Under MCL 600.5838a, which governs claims based on medical malpractice, a medical malpractice claim must be commenced within 6 months after the plaintiff discovers or should have discovered the existence of a claim, not “could have” discovered a claim, held the Michigan Court of Appeals in Jendrusina v. Mishra, No. 325133
This case stems from a hospital visit by plaintiff on January 3, 2011, where he presented with flu-like symptoms. After many tests and treatments, plaintiff was diagnosed with irreversible kidney failure. As a result, plaintiff was placed on lifetime dialysis. Then, on September 20, 2012, plaintiff saw a nephrologist who informed plaintiff that the defendant should have sent him to a nephrologist years before and that his kidney failure could have been prevented. The next day, plaintiff contacted an attorney and initiated the present medical malpractice claim. Defendant moved for summary disposition arguing that the Notice of Intent and complaint was not timely filed. Plaintiff argued that the claim was timely filed under the six-month discovery period provided by MCL 600.5838a. The trial court granted defendant’s motion holding that the complaint was not timely filed. Plaintiff appealed.
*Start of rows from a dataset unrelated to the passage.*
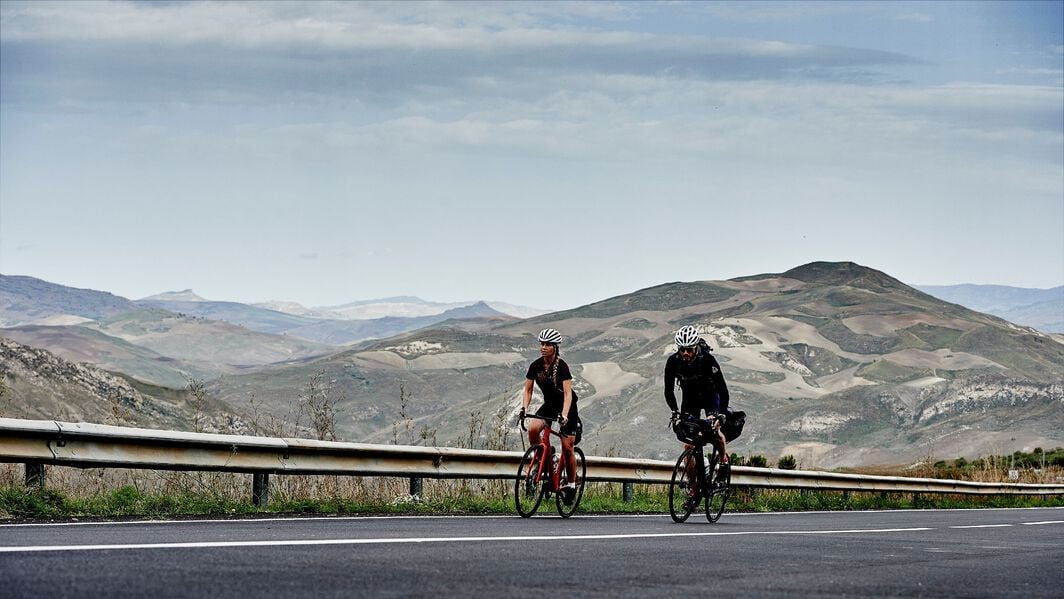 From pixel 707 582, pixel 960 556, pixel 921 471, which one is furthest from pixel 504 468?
pixel 921 471

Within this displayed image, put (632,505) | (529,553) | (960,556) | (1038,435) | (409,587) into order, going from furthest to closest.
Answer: (1038,435) < (632,505) < (960,556) < (529,553) < (409,587)

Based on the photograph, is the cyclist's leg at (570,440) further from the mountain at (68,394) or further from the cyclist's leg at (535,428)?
the mountain at (68,394)

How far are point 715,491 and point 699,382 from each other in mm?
1355

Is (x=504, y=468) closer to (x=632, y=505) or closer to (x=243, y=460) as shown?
(x=632, y=505)

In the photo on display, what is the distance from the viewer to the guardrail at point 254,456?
41.4 ft

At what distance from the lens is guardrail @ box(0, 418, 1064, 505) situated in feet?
41.4

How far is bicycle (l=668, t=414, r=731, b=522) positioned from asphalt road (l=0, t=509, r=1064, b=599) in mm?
901

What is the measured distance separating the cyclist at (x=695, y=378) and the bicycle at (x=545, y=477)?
1289mm

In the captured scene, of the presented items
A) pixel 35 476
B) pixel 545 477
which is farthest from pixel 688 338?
pixel 35 476

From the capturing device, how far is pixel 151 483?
16.8 meters

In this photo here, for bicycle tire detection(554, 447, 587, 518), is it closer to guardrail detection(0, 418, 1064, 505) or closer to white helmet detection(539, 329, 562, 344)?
white helmet detection(539, 329, 562, 344)

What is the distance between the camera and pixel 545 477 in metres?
15.3

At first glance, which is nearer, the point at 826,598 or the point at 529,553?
the point at 826,598

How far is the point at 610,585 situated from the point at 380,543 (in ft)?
8.44
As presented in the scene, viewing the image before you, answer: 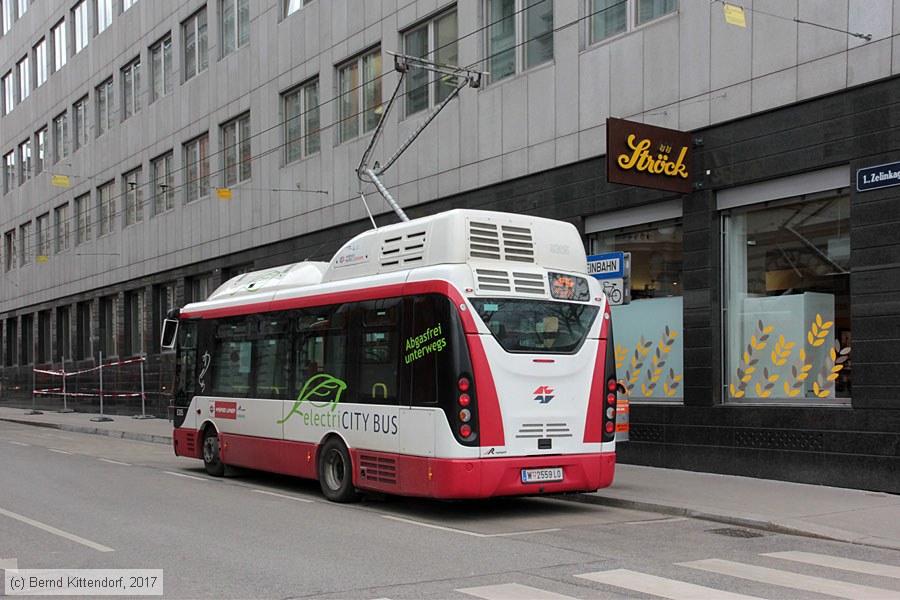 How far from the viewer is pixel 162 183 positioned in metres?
35.3

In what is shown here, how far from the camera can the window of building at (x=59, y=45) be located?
145 feet

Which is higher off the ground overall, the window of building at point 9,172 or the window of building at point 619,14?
the window of building at point 9,172

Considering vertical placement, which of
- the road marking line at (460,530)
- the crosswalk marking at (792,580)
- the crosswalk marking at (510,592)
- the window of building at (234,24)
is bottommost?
the road marking line at (460,530)

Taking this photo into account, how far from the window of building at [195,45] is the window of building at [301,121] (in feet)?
20.4

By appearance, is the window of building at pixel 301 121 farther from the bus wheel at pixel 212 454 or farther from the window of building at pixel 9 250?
the window of building at pixel 9 250

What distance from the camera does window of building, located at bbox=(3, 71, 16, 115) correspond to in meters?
50.7

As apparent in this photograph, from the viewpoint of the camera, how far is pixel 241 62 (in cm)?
2962

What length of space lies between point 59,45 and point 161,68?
12.5 meters

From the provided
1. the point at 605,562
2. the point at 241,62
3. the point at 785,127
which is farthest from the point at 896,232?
the point at 241,62

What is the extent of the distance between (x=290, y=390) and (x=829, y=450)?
7.44 m

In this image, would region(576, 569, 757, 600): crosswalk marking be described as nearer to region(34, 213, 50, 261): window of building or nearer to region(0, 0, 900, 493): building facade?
region(0, 0, 900, 493): building facade

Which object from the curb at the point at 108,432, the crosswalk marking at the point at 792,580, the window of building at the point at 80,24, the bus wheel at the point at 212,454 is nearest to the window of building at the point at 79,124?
the window of building at the point at 80,24

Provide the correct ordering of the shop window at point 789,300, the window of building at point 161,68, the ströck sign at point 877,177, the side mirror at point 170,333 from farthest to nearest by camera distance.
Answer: the window of building at point 161,68 < the side mirror at point 170,333 < the shop window at point 789,300 < the ströck sign at point 877,177

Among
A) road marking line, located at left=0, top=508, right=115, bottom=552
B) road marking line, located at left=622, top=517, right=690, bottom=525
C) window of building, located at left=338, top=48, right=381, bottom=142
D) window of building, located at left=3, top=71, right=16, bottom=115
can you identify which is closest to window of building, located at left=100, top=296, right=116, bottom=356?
window of building, located at left=3, top=71, right=16, bottom=115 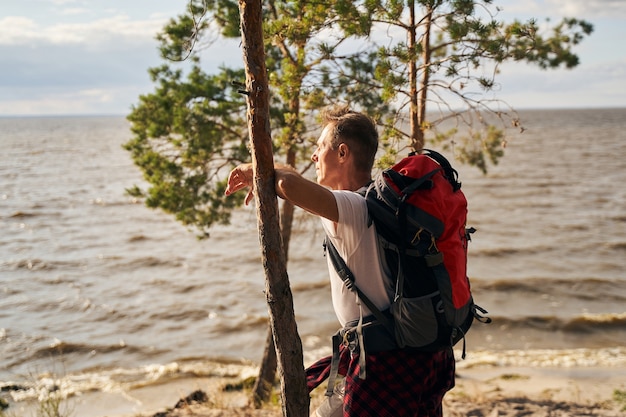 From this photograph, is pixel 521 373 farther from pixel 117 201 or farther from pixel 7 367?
pixel 117 201

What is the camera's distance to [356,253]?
9.43ft

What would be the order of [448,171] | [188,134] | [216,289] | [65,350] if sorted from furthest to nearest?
[216,289] < [65,350] < [188,134] < [448,171]

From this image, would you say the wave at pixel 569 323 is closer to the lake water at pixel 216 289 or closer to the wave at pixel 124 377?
the lake water at pixel 216 289

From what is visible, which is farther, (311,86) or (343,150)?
(311,86)

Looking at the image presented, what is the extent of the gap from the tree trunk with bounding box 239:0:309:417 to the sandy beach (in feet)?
14.6

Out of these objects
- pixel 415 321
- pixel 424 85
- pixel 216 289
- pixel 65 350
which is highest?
pixel 424 85

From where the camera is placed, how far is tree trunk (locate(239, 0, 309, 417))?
10.3ft

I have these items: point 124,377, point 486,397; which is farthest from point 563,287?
point 124,377

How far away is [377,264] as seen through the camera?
114 inches

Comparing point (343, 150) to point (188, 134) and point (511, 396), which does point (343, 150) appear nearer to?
point (188, 134)

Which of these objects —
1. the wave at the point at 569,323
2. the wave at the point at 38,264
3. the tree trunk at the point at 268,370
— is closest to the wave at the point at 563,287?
the wave at the point at 569,323

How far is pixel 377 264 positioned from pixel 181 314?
43.5ft

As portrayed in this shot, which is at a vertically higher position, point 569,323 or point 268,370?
point 268,370

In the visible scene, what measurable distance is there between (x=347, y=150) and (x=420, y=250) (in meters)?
0.61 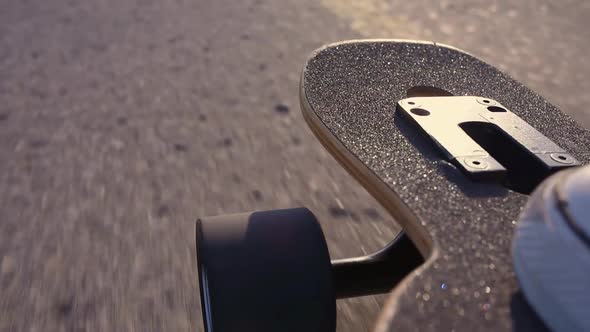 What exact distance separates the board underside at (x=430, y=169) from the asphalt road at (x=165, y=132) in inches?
20.9

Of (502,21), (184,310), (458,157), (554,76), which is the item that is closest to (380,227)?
(184,310)

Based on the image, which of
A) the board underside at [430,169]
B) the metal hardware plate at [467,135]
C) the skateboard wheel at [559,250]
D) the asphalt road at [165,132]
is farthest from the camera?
the asphalt road at [165,132]

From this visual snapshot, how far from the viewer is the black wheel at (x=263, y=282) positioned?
1021 mm

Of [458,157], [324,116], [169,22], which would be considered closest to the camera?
[458,157]

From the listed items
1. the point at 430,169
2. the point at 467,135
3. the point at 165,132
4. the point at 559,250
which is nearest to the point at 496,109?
the point at 467,135

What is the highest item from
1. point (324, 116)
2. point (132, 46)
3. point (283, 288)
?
point (324, 116)

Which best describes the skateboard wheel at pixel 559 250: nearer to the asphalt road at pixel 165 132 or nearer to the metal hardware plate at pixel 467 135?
the metal hardware plate at pixel 467 135

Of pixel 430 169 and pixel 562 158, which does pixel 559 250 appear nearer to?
pixel 430 169

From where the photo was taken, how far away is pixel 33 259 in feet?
5.29

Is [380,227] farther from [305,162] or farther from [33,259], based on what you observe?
[33,259]

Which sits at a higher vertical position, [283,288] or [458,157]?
[458,157]

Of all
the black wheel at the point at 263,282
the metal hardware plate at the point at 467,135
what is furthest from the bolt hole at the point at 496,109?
the black wheel at the point at 263,282

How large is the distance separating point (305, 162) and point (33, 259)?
89 centimetres

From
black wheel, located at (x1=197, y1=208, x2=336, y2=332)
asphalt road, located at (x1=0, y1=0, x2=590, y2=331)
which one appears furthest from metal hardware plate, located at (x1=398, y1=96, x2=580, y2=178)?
asphalt road, located at (x1=0, y1=0, x2=590, y2=331) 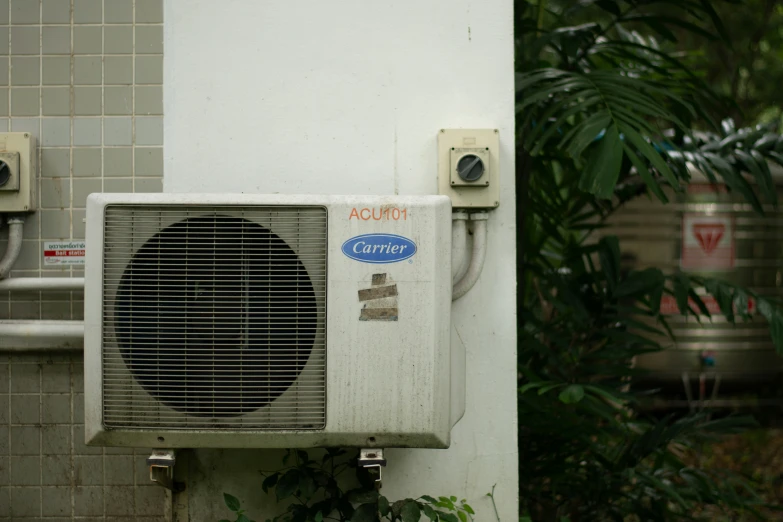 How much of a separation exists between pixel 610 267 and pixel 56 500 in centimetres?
196

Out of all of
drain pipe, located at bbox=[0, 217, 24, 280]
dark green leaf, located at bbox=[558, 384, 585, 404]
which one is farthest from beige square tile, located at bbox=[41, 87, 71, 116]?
dark green leaf, located at bbox=[558, 384, 585, 404]

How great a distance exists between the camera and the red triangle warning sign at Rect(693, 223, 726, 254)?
18.6ft

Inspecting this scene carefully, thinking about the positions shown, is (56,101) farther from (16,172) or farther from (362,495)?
(362,495)

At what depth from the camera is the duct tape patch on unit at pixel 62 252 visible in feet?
6.97

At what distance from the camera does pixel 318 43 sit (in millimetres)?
2084

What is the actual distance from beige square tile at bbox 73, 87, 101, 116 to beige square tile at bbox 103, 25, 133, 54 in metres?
0.13

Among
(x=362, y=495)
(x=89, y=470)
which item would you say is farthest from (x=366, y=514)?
(x=89, y=470)

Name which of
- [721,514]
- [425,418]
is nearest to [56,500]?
[425,418]

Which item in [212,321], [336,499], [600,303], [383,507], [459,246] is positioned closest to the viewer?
→ [212,321]

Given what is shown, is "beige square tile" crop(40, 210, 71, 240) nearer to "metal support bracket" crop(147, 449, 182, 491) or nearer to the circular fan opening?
the circular fan opening

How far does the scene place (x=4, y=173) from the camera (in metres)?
2.07

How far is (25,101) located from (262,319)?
1093mm

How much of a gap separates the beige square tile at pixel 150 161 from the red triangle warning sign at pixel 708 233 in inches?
187

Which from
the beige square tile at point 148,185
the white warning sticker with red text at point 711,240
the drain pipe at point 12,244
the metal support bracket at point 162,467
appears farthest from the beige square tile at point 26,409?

The Court of Appeals reviewed MCL 600.5838a and noted that the legislature specifically used the language “should have” rather than “could have” in the statute. According to a dictionary definition, “could” indicates “possibility” whereas “should” means what is “probable.” In addition, the statute has a standard of what is probable for a reasonable person and not a trained physician. Here, the Court noted that defendant never provided plaintiff with copies of his previous lab reports, nor did he inform him that he had kidney disease, even after writing “chronic renal failure” in an office note in 2008.
The Court analyzed the Michigan Supreme Court case of Solowy v. Oakwood Hosp.
, 454 Mich. 214; 561 N.W.2d 843 (1997), where the Supreme Court held that what the claimant should have discovered was “a possible cause of action” not a “certain cause of action.” In Solowy
, the statute of limitations had run because the plaintiff should have discovered the possible cause of action. Here, the record did not support the conclusion that when the plaintiff was diagnosed with irreversible kidney failure in 2011, that he “should have known of a possible cause of action.” This was because defendant never informed plaintiff of his kidney disease or of his previous lab reports. The Court of Appeals held that the trial court erred in granting defendant’s motion for summary disposition and reversed and remanded the case for further proceedings.
J. Jansen dissented
. She stated that the plaintiff merely needed to know of a possible
cause of action and that clearly was the case in January 2011.